The second argument for the preclusion of such contractual liability, which is not conditional on the seller’s culpability, for damage to the purchaser’s property lies in the obvious disproportion between the consideration and the possible risk of damage. An assertion that every shop selling extension lead is also liable for a possible fire accident in a purchaser’s house would result in a situation in which all damage will eventually be incumbent on the shop if the shop’s right of recourse (LOA § 228) against the producer is precluded due to a contractual limit of liability or the producer’s insolvency, and this could, in turn, lead to the bankruptcy of the shop. In terms of economic policy, this would produce a result where small shops could become extinct, leaving the market to only big store chains, who can afford such risks of liability or insure themselves against such damage. A situation of practice in which the majority of sellers are forced to conclude a liability insurance contract to cover possible compensations for damage exists e.g. in France, where a seller involved in economic and professional activity is liable for all damage, even from latent defects, caused to the creditors, including their absolute legal rights, regardless of whether that seller is a producer or merely a reseller. This means that even a small reseller may be liable for an unexpectedly extensive damage, which, in turn, could result in that reseller’s bankruptcy.*48 Whether such solution is also sought in Estonia or whether such situation would be desirable, will eventually be up to the legislator to decide but in the author’s opinion, such solution should rather be negated.

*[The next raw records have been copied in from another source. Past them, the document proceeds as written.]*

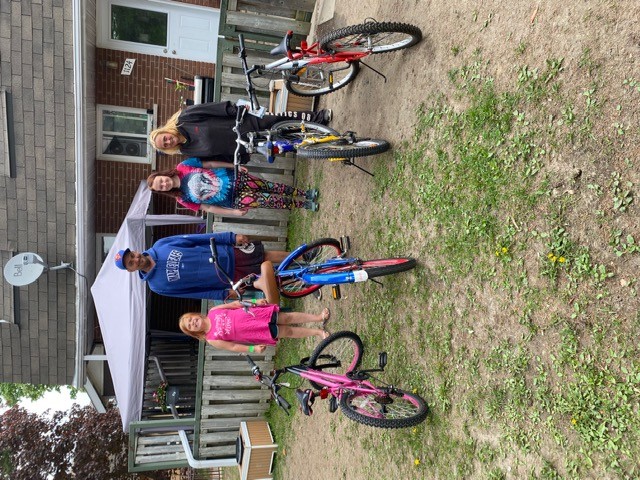 In Pembroke, Tina Panke and family receiving bikes from Bike Bank on May 20.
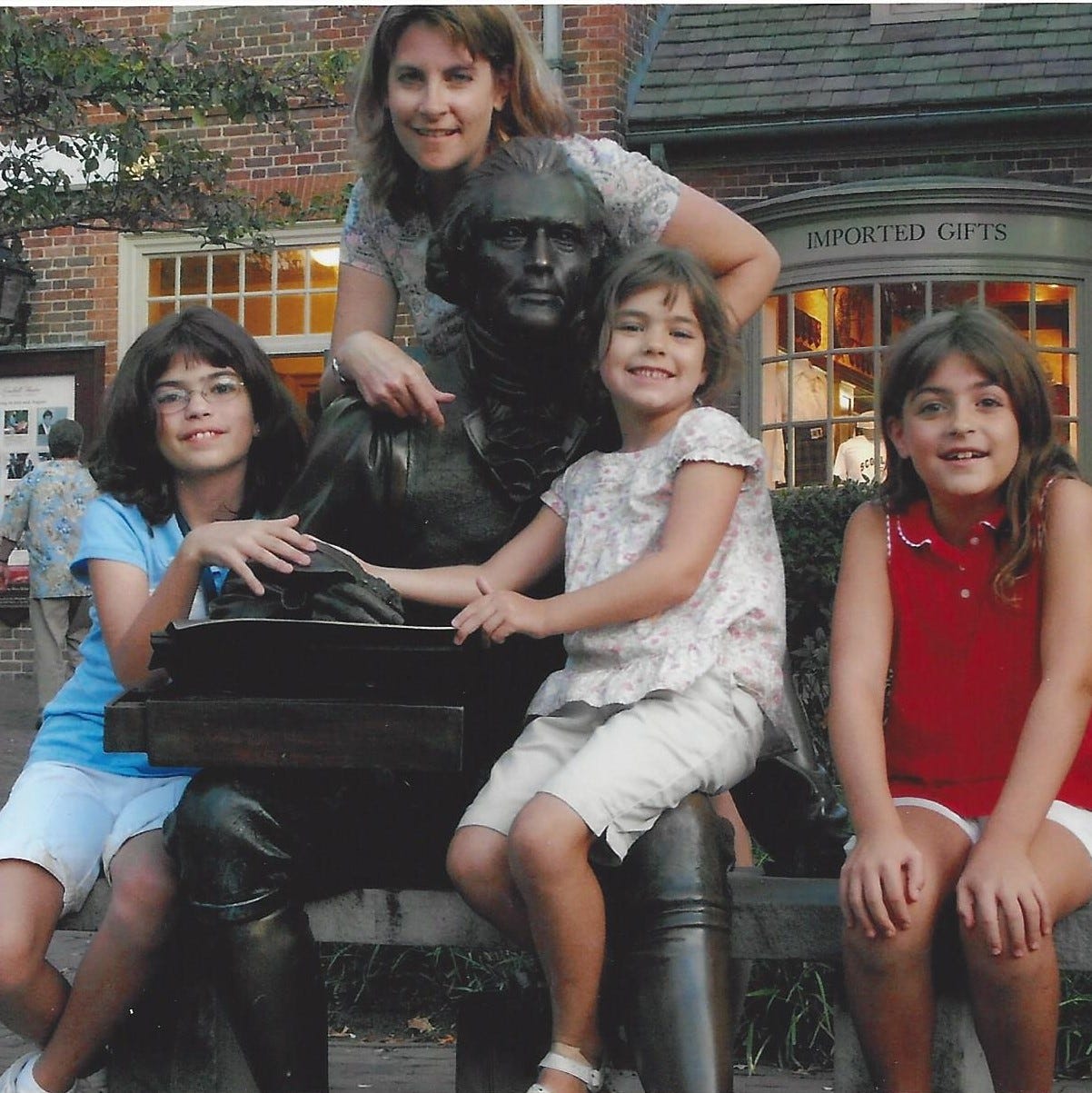 Family posed by a life-sized statue of Thomas Jefferson in Williamsburg, VA.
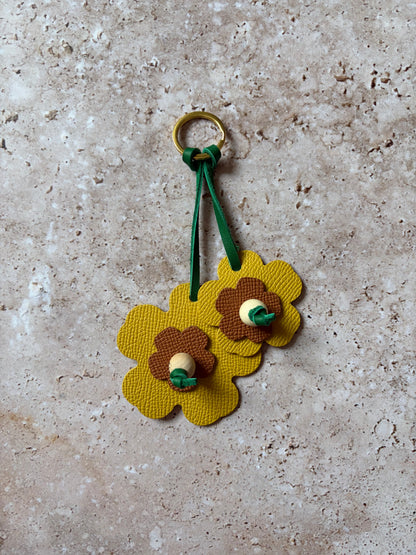 le porte clefs en cuir en forme de fleures jaune et marron est présenté à plat sur un fon den travertin. 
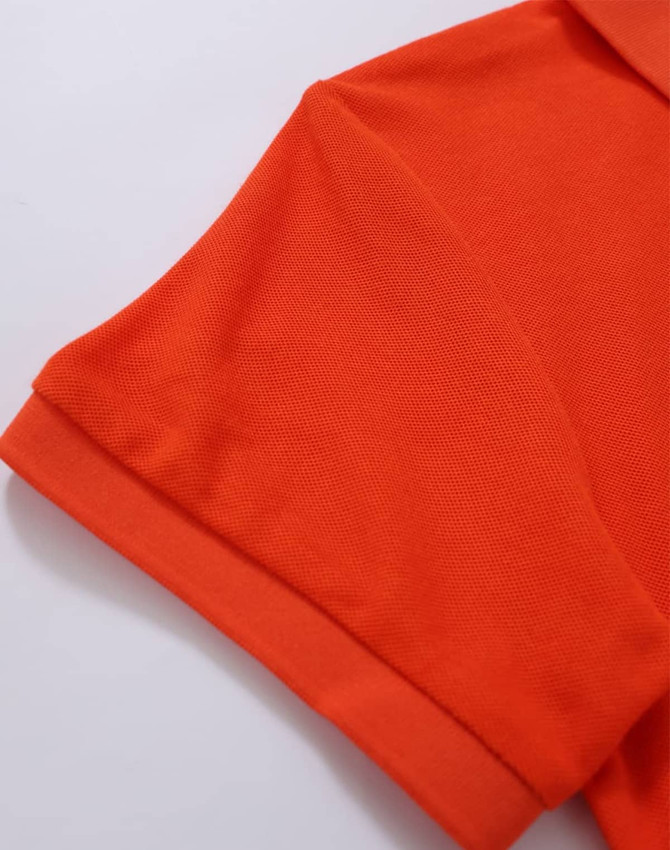 An orange polo shirt featuring a folded collar and short sleeves, with a logo on the chest area.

5. Protection of absolute legal rights
by contracts with protective effect for third parties
(LOA § 81)?

Now let us further suppose that in our case of the residential lease contract, health damage was suffered not only by the lessee but also by children living with the lessee. They had no contract with the lessor and hence, in principle, only a delictual claim is available to them. On the other hand, one could assert that the lease in question constitutes a contract with protective effect for a third party (i.e. the lessee’s family members) under LOA § 81.*49 However, as pointed out above, the fact that in Germany, the institution of contracts with protective effect for third parties is very often used even for the compensation for damage from violation of absolute legal rights, in order to make up deficiencies in the German law of delict, especially those arising from BGB § 831.*50 The same applies to other countries where contracts with protective effect for third parties exist, in particular Austria and France: there, too, the institution in question is aimed at compensating for certain deficiencies in the law of delict.*51 As shown above, such deficiencies practically do not exist in the Estonian law of delict and thus there is no need to protect absolute legal rights through the institution of contracts with protective effect for third parties. All the more so as due to the principle of non-cumul provided in LOA § 1044 (2), serious problems would ensue in Estonia from the fact that the third party protected by the contract will depend on the limit of liability agreed between the parties in the contract.*52 If the debtor’s liability has been e.g. quantitatively limited by the contracting parties, such limit of liability would also apply to the third party, which, in turn, would deprive the third party of a delictual claim in the event of damage to property, due to LOA § 1044 (2). This would produce an obviously unfair result, whereby the third party holding a claim under LOA § 81 would be in a worse situation than a person who is not entitled to a contractual claim and who could therefore assert a claim to the full extent under LOA §§ 1043 et seqq.!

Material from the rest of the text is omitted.